On Sun, Oct 02, 2011 at 10:53:24PM +0200, Arnd Bergmann wrote:
On Sunday 02 October 2011 21:41:07 Mark Brown wrote:
No, gpiolib is one implementation of the GPIO API but if platforms want to go and define their own that's currently OK (personally I think at
Thanks for the explanation!
Is there any other symbol that I can test then?
You shouldn't be testing anything - the client side GPIO API (which is what this driver is using) is supposed to stub itself out when not in use so drivers should just be able to use it without worrying about dependencies. You didn't report the problem but I'd expect that whatever you saw will be an issue in whatever platform you were trying to build for (I'm guessing it hasn't provided gpio_request_one()), though it could be a problem in the gpiolib stubs if that's being used.
I noticed that a lot of places use 'depends on GPIOLIB' or '#ifdef CONFIG_GPIOLIB', are those usually wrong, too?
Checks for gpiolib in drivers providing GPIOs are sensible, if a platform hasn't used gpiolib then it's generally not even got an interface for drivers to provide GPIOs.
On the user side these are usually due to people making the sort of changes you're making here due to a random build coverage issue - it seems unfortunately common for people to just shove a dependency in Kconfig when they run into a build coverage issue without looking at what's going on.

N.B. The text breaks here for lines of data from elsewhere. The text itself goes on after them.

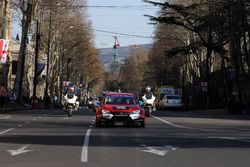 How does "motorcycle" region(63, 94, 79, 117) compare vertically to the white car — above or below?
below

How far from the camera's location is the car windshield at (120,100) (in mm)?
28541

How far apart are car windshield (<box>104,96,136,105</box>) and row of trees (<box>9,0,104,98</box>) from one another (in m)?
29.3

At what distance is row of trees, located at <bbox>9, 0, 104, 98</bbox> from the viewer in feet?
193

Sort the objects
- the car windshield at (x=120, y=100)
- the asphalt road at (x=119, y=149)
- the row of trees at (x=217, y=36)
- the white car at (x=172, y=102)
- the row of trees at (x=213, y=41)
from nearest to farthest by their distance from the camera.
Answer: the asphalt road at (x=119, y=149)
the car windshield at (x=120, y=100)
the row of trees at (x=217, y=36)
the row of trees at (x=213, y=41)
the white car at (x=172, y=102)

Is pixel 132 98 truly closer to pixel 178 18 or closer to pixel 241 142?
pixel 241 142

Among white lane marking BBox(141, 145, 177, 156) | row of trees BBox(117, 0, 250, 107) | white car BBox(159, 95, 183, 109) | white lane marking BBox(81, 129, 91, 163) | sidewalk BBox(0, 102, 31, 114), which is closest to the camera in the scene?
white lane marking BBox(81, 129, 91, 163)

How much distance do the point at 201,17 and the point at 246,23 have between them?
698 centimetres

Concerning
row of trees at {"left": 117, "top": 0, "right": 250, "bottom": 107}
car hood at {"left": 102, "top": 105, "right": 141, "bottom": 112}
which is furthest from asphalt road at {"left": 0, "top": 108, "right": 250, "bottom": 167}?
row of trees at {"left": 117, "top": 0, "right": 250, "bottom": 107}

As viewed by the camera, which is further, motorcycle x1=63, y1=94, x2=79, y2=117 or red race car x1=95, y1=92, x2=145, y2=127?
motorcycle x1=63, y1=94, x2=79, y2=117

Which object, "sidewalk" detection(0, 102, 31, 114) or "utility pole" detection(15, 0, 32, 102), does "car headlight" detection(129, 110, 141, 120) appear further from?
"utility pole" detection(15, 0, 32, 102)

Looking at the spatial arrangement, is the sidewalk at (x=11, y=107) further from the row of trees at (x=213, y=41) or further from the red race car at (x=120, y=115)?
the red race car at (x=120, y=115)

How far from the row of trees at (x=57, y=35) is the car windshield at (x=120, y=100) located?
96.3 ft

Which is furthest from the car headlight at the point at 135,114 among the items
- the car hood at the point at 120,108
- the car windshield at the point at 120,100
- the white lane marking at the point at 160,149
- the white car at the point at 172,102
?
the white car at the point at 172,102

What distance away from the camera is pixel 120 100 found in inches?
1131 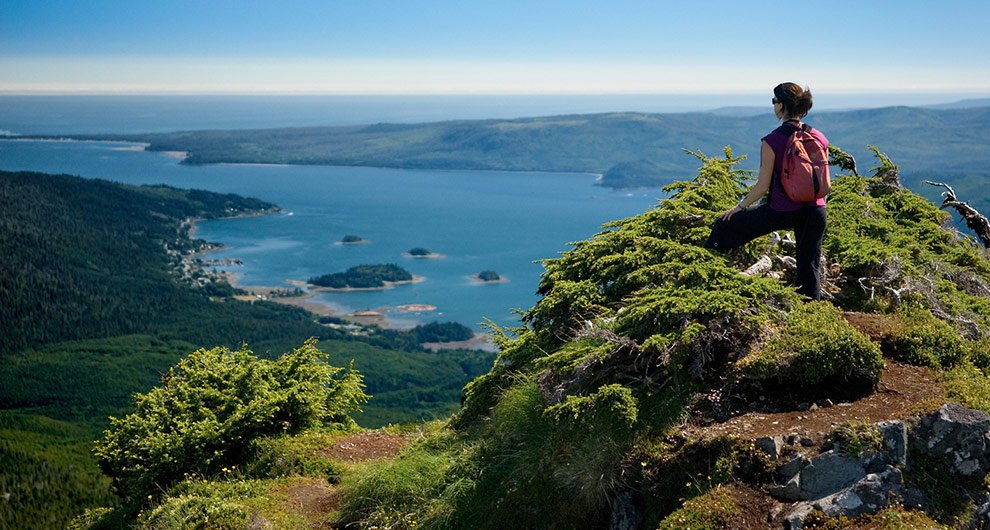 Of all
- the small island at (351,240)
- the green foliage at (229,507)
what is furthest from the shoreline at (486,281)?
the green foliage at (229,507)

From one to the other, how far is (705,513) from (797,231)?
3.55m

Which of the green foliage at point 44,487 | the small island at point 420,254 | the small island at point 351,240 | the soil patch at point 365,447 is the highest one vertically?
the soil patch at point 365,447

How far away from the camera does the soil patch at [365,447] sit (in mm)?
10789

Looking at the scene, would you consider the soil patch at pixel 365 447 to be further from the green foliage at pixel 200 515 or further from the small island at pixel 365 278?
the small island at pixel 365 278

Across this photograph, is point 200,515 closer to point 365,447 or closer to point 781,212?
point 365,447

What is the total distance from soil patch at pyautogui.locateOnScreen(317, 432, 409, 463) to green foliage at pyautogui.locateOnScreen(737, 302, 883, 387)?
17.6ft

For a lot of the stuff you see on PCs it's going to make sense but for some of the "service" APIs like GPIOs that are more commonly used only in embedded contexts the use of the API is usually completely optional (eg, in this case the driver is controlling power and reset lines which could easily just be strapped in the hardware with no soft control and are supplied as optional platform data) so for many systems the driver is going to work completely happily without doing anything with GPIOs.
Adding dependencies to all the users needlessly restricts which systems can use the drivers. Adding ifdefs to the drivers is repetitive and isn't great for legiblity, having the header stub itself out is simpler and easier to use on the driver side.